Awards and highlights
- Second-team All-SEC (2022);
- Stats at Pro Football Reference

= Will Sheppard =

American football player (born 2002)

William Miles Sheppard (born February 11, 2002) is an American professional football wide receiver for the Miami Dolphins of the National Football League (NFL). He played college football for the Vanderbilt Commodores and Colorado Buffaloes.

==Early life==
Sheppard was born in Ruston, Louisiana, and attended Mandeville High School. In Sheppard's high school career, he hauled in 126 receptions for 2,252 yards, and 33 touchdowns. Sheppard committed to play college football at Vanderbilt.

==College career==
===Vanderbilt===
In Sheppard's first season in 2020, he caught two passes for 30 yards. In week 5 of the 2021 season, he racked up eight receptions for 119 yards and two touchdowns in a 30–28 win over UConn. Sheppard took a step up in the 2021 season, finishing the year with 43 receptions for 577 yards and four touchdowns. In week 3 of the 2022 season, he tallied ten receptions for 171 yards and two touchdowns in a win over Northern Illinois. Sheppard finished his breakout 2022 season with 60 receptions for 776 yards and nine touchdowns, earning second-team all-SEC honors.

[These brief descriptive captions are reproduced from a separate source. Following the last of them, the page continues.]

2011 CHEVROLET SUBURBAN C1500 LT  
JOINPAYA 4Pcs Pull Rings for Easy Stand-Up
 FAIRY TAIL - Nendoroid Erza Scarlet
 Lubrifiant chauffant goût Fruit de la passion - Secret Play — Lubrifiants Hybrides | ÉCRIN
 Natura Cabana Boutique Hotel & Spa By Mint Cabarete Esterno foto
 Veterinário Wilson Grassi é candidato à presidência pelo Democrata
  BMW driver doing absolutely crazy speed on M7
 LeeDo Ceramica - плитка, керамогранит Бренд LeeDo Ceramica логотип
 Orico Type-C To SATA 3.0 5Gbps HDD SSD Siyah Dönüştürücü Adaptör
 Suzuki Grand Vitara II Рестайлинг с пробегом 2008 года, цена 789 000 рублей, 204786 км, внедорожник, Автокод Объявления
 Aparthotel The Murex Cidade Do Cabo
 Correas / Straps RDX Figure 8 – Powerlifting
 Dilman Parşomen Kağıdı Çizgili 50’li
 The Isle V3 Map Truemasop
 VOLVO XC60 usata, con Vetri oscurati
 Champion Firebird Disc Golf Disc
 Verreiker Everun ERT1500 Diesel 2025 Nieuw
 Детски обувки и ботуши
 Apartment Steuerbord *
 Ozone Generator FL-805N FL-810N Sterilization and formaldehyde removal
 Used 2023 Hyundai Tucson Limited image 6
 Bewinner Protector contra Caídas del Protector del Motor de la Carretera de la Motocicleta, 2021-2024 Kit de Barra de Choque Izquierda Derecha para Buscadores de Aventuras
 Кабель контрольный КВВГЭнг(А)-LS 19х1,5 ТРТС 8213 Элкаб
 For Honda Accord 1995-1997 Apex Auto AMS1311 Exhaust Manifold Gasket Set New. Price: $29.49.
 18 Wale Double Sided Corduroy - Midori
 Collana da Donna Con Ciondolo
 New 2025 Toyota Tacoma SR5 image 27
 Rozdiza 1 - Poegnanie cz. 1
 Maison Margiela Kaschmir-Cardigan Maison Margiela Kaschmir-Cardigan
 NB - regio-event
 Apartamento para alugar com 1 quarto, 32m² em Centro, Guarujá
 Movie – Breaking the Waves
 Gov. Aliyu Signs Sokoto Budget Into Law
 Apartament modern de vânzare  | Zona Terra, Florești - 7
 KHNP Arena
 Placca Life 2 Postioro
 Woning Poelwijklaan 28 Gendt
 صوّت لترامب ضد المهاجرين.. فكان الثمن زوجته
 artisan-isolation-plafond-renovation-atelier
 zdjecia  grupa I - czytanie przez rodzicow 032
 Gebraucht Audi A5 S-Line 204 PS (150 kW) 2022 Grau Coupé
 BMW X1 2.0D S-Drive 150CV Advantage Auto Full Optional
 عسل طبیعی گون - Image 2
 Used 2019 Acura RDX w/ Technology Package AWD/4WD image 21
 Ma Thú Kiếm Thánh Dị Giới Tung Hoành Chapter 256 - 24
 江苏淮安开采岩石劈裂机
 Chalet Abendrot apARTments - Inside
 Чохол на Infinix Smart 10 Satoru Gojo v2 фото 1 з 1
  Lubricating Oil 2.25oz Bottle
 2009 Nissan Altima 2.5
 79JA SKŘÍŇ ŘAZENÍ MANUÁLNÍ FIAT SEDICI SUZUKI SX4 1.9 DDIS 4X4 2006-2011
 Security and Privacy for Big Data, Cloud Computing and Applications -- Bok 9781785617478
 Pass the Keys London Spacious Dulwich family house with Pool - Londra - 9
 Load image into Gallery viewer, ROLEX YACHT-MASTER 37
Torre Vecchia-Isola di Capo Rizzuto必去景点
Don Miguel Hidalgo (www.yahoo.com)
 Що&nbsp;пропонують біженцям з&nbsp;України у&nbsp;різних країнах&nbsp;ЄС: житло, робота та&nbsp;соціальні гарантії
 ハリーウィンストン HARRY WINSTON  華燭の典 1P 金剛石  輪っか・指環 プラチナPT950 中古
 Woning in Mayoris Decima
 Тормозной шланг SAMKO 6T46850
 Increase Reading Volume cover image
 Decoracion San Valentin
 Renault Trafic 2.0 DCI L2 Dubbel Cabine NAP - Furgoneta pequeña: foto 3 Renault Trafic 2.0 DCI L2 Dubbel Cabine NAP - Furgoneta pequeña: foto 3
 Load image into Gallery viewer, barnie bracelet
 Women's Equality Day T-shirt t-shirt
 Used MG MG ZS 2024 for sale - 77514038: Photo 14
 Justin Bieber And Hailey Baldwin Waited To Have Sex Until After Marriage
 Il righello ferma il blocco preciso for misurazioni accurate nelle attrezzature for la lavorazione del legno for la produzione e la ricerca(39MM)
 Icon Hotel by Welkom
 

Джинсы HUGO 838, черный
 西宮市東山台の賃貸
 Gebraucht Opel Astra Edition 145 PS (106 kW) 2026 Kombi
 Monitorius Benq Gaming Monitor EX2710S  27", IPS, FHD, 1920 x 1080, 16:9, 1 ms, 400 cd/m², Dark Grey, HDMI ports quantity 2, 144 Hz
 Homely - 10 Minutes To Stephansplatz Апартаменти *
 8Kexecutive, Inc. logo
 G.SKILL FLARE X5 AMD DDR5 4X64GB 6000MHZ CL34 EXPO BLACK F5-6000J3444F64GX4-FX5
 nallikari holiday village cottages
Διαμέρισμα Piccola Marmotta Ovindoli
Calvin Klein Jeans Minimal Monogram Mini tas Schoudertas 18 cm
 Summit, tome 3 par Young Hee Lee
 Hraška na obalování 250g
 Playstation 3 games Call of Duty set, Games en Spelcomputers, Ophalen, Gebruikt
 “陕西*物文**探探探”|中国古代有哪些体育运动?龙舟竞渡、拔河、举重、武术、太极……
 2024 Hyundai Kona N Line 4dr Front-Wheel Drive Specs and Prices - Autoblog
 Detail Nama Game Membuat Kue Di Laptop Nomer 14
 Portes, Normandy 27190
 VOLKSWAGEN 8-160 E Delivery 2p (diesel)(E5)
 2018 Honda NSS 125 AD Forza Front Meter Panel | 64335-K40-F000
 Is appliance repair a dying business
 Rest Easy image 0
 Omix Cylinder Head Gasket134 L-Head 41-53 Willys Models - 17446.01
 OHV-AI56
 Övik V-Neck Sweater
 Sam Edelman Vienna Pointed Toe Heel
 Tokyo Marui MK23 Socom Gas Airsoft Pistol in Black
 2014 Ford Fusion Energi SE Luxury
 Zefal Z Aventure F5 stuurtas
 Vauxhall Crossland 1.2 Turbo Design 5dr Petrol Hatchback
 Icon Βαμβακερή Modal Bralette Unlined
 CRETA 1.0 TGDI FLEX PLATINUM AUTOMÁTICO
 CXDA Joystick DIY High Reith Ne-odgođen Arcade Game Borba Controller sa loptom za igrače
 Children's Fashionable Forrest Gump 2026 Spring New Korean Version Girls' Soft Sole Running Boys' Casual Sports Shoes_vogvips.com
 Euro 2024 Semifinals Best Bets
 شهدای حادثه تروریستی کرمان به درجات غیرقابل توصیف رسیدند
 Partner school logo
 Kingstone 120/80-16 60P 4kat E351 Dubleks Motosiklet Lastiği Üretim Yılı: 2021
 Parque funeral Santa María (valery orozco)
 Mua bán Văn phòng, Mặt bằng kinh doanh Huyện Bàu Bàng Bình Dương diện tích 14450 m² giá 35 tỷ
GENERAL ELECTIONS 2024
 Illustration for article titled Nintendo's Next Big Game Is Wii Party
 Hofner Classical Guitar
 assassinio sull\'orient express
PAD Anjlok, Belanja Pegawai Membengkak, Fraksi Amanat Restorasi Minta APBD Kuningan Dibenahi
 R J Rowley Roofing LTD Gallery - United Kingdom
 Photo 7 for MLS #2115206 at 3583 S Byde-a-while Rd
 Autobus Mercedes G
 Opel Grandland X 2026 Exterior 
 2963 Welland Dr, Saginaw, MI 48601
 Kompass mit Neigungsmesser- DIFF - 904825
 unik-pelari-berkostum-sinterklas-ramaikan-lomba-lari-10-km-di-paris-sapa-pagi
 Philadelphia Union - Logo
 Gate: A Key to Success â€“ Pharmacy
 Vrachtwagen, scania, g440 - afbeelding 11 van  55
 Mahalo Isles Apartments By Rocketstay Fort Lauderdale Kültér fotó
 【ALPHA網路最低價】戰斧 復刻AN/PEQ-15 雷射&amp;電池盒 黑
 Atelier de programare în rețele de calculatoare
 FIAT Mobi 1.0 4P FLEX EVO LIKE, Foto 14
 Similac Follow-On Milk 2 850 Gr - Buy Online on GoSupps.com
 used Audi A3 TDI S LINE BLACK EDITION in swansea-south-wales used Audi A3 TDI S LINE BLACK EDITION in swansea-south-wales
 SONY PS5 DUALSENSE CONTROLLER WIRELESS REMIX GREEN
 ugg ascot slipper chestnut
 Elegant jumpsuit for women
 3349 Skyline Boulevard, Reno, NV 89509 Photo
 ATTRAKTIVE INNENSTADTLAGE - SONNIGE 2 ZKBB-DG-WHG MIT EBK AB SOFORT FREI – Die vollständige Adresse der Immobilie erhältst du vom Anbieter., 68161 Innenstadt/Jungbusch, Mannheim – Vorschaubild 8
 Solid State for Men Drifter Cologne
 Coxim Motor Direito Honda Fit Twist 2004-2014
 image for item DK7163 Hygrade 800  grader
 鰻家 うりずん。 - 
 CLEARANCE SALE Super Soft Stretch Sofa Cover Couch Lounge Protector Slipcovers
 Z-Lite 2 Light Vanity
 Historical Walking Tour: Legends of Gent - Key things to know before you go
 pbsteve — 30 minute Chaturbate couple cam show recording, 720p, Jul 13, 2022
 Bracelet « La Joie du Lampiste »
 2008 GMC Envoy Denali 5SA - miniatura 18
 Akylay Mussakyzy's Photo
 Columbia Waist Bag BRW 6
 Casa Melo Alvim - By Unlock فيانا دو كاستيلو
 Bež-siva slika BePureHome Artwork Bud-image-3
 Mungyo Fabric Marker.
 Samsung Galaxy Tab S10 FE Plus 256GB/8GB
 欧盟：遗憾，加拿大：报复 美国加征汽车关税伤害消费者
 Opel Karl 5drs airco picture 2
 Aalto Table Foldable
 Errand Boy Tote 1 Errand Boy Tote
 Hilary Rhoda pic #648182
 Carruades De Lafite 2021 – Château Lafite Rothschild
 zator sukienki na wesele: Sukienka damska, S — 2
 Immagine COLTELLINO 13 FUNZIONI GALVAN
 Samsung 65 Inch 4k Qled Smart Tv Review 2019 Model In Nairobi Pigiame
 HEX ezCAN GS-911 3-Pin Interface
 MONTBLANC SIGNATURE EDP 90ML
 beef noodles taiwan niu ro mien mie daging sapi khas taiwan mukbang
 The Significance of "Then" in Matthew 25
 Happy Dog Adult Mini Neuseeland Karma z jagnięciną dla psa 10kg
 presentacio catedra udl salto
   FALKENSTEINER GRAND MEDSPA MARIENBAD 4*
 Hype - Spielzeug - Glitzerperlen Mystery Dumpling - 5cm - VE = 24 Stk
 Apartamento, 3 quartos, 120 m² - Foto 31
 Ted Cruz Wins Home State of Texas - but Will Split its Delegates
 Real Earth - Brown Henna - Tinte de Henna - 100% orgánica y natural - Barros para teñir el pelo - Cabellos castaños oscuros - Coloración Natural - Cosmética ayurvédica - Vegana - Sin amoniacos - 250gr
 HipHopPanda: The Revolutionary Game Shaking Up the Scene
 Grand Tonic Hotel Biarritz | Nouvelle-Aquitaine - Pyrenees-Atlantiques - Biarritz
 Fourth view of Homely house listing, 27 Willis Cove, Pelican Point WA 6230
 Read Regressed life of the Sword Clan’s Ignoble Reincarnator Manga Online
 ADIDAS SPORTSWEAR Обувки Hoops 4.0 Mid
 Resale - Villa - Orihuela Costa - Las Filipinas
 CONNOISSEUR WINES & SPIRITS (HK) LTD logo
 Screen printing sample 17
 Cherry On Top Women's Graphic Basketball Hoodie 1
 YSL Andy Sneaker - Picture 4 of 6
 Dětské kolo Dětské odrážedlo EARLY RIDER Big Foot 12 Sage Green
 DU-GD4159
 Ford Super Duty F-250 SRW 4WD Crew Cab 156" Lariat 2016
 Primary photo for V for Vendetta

Ahead of the 2023 season, Sheppard was named preseason second-team all-SEC and a member of the Fred Biletnikoff Award watchlist. In the season opener, he hauled in six passes for 68 yards and two touchdowns in a 35–28 win over Hawaii. On December 3, 2023, Sheppard announced that he would be entering the transfer portal.

===Colorado===
On December 14, 2023, Sheppard announced that he would be transferring to Colorado.

==Professional career==

After going unselected in the 2025 NFL draft, Sheppard was originally set to sign with the Tampa Bay Buccaneers as an undrafted free agent. However, his contract offer was rescinded following a failed physical on May 9, 2025. Sheppard would later participate as a rookie tryout in the Denver Broncos minicamp, but was not signed.

Pre-draft measurables
| Height | Weight | Arm length | Hand span | 40-yard dash | 10-yard split | 20-yard split | 20-yard shuttle | Vertical jump | Broad jump |
| 6 ft 2+3⁄4 in (1.90 m) | 203 lb (92 kg) | 32 in (0.81 m) | 10 in (0.25 m) | 4.59 s | 1.58 s | 2.64 s | 4.31 s | 40.5 in (1.03 m) | 10 ft 6 in (3.20 m) |
All values from Pro Day

===Green Bay Packers===
On July 21, 2025, Sheppard signed with the Green Bay Packers. He was released on August 26 as part of final roster cuts and signed to the practice squad the next day. He was promoted to the active roster on November 26 and waived five days later. On December 3, Sheppard was re-signed to the practice squad. He signed a reserve/future contract with Green Bay on January 12, 2026.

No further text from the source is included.